An analytical and numerical solution for the free vibration of laminated polymeric composite plates with different layups is studied in this paper. The governing equations of the laminated composite plates are derived from the classical laminated plate theory (CLPT) and the first-order shear deformation plate theory (FSDT). General layups are evaluated by the assumption of cross-ply and angle-ply laminated plates. The solver is coded in MATLAB. As a verification method, a finite element code using ANSYS is also developed. The effects of lamination angle, plate aspect ratio and modulus ratio on the fundamental natural frequencies of a laminated composite are also investigated and good agreement is found between the results evaluated and those available in the open literature. The results show that the fundamental frequency increases with the modular ratio and the bending-stretching coupling lowers the vibration frequencies for both cross-ply and angle-ply laminates with the CLPT. Also it is found that the effect of bending-stretching coupling, transverse shear deformation and rotary inertia is to lower the fundamental frequencies.

A composite material can be defined as a combination of two or more materials that results in better properties than those of the individual components used alone. In contrast to metallic alloys, each material retains its separate chemical, physical and mechanical properties.

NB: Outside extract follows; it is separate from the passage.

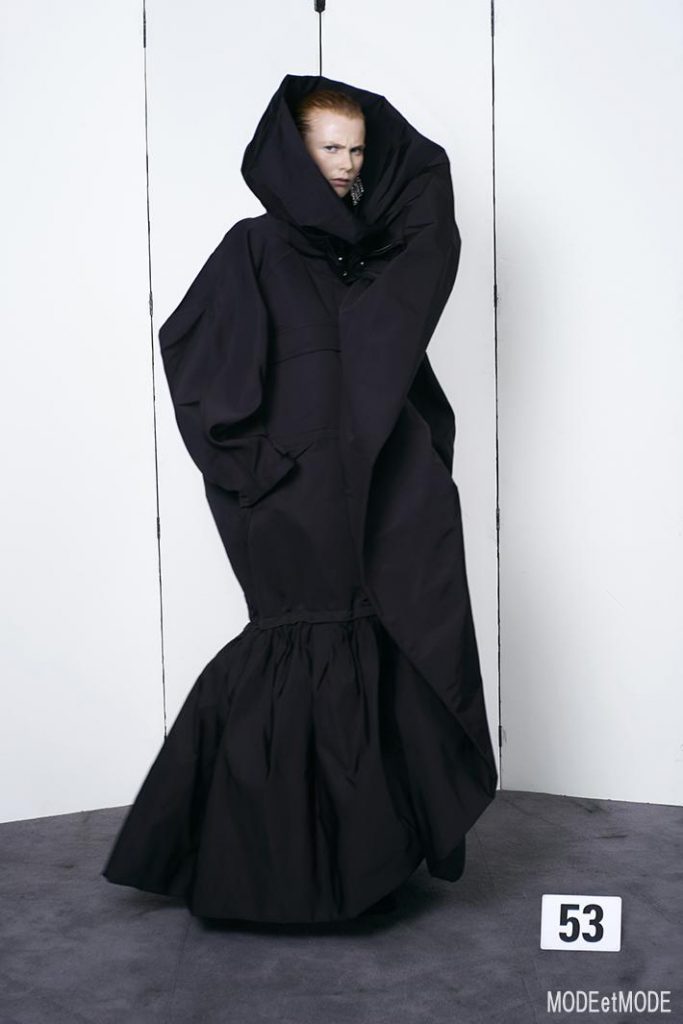 BALENCIAGA_COUTURE_053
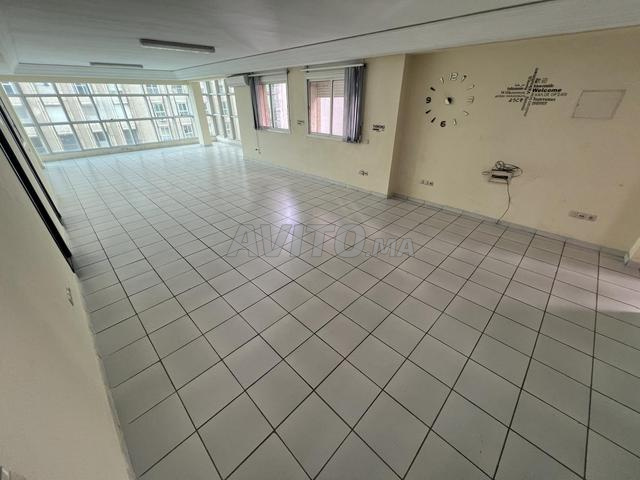 Bureau 120 m² à louer – Centre-ville Tanger - 2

The two constituents are reinforcement and a matrix. When composites are compared to bulk materials, the main advantages of composite materials are their high strength and stiffness, combined with low density, allowing for a weight reduction in the finished part. The reinforcing phase provides the strength and stiffness. In most cases, the reinforcement is harder, stronger and stiffer than the matrix. The reinforcement is usually a fiber or a particulate. Particulate composites have dimensions that are approximately equal in all directions. They may be spherical, platelets, or any other regular or irregular geometry. Particulate composites tend to be much weaker and less stiff than continuous-fiber composites, but they are usually much less expensive. Particulate reinforced composites usually contain less reinforcement (up to 40 volume percent to 50 volume percent) due to processing difficulties and brittleness [1].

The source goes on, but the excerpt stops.